日本でメートル法が完全実施されてから、実はまだ半世紀ほどしかたっていない。それまでは尺貫法が使われていた。尺貫法とは、中国大陸や朝鮮半島から伝来し、独自の発展を遂げた日本古来の度量衡法であり、長さの単位に「尺」、質量の単位に「貫」、体積の単位に「升」、面積の単位に「歩(または坪)」を用いる。明治以降はメートル法と併用されていたが、1959(昭和34)年に原則として廃止され、1966(昭和41)年にはメートル法に統一された。以後、取り引きの書類などを尺貫法で記入すると5万円以下の罰金が課せられたという。5万円といえば当時の大卒初任給の倍ほどの値段である。しかし、実際はメートル表記の後にカッコ書きで尺や坪が併記されるなど、やはりすぐにはなじめなかったようだ。
「巻尺」という名称も、巻尺によく見られる5.5mや7.5mといった半端な長さも、尺貫法の名残りだろう。建築業界では今でも尺貫法が残っている。ちなみに、尺貫法には、建築などに用いる曲尺(かねじゃく)と和裁などに用いる鯨尺(くじらじゃく)とがあり、前者の1尺は約30.3cm、後者の1尺は約37.9cmだ。1寸は1尺の10分の1なので、昔話の「一寸法師」は鯨尺でも身長4cm足らず…、お椀から顔が出ないのではないだろうか。

必要なのは正確さと腰の強さ

巻尺は現在、メジャー、スケール、コンベックスと、さまざまな名称で呼ばれているのはご存じの通り。長さや材質、用途なども多種多様であり、細かくいえば定義や規格も異なるようだが、広い意味ではすべて同じものを指す。電気工事士はスケールと呼ぶ人が多いのではないだろうか。いずれにしても、現場作業において計測は基本中の基本だ。安価なスケールの中には、先端部の爪を押し当てたときと引っ掛けたときの寸法が違うといった困った物もあるので、信頼できるメーカーの製品を選びたい。正確さは当然として、もう一つ必要なのは腰の強さだ。たとえば、脚立に乗って天井面の長さを測るとき、遠くまで伸びるテープの腰の強さである。測っている途中でテープが「カシャン…」と折れるほど空しいことはない。そのため、幅20mm以上のスケールを使っている電気工事士が多いようだ。

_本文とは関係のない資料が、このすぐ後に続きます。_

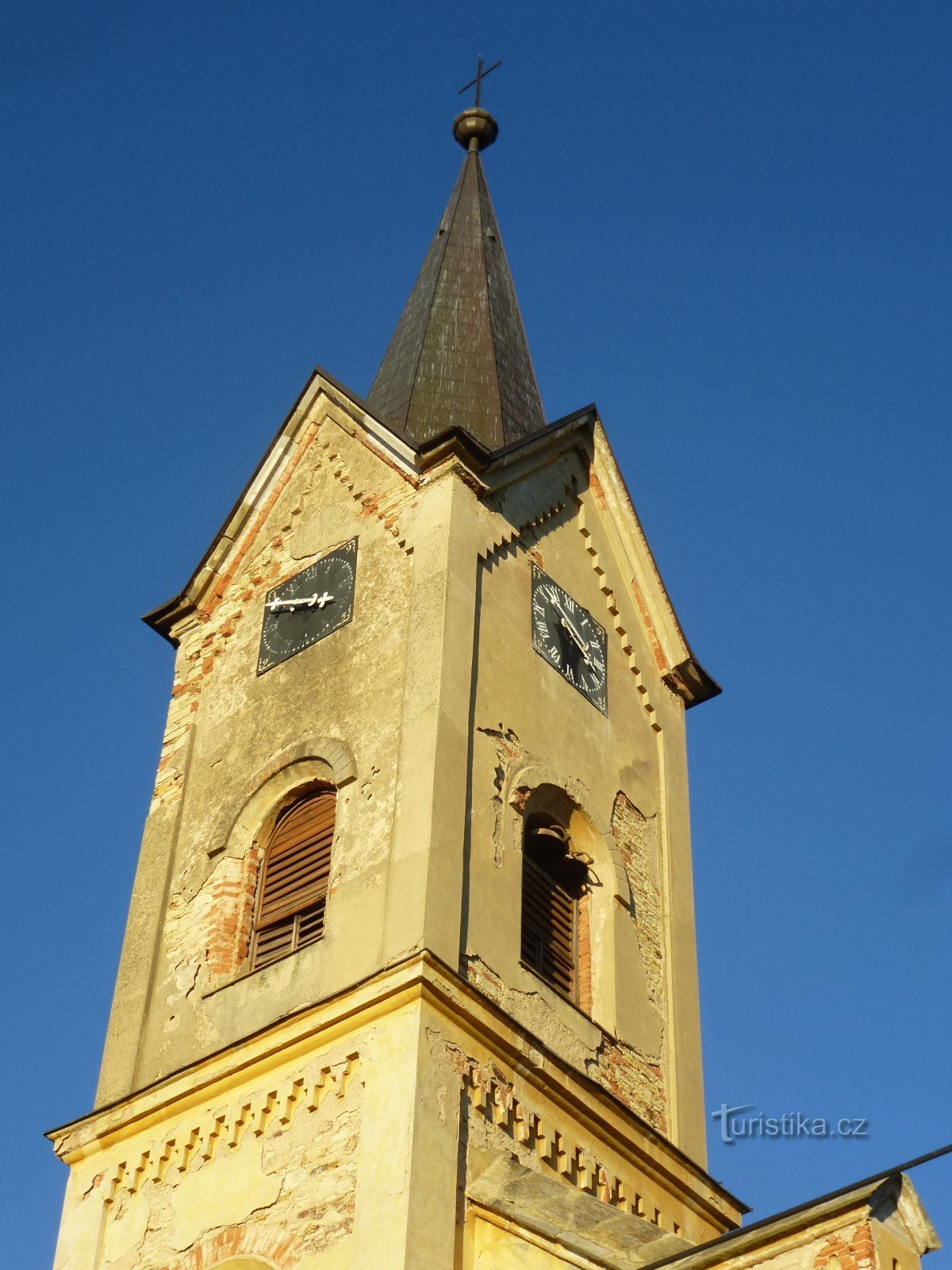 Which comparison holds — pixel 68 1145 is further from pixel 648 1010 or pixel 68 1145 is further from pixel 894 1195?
pixel 894 1195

株式会社マーベル:マグネット付メジャー『インチワイドGP ゴムプロテクター』

さらに最近は、誤って落とした際に床材へのダメージを最小限に抑えるラバーで覆われたタイプ、ベルトホルダーに素早く着脱できるタイプ、傾斜角も測れる角度計付きのタイプ、そして非導電タイプなど、高性能で多機能な製品が数多く登場している。
スケールの進化は計り知れないのだ。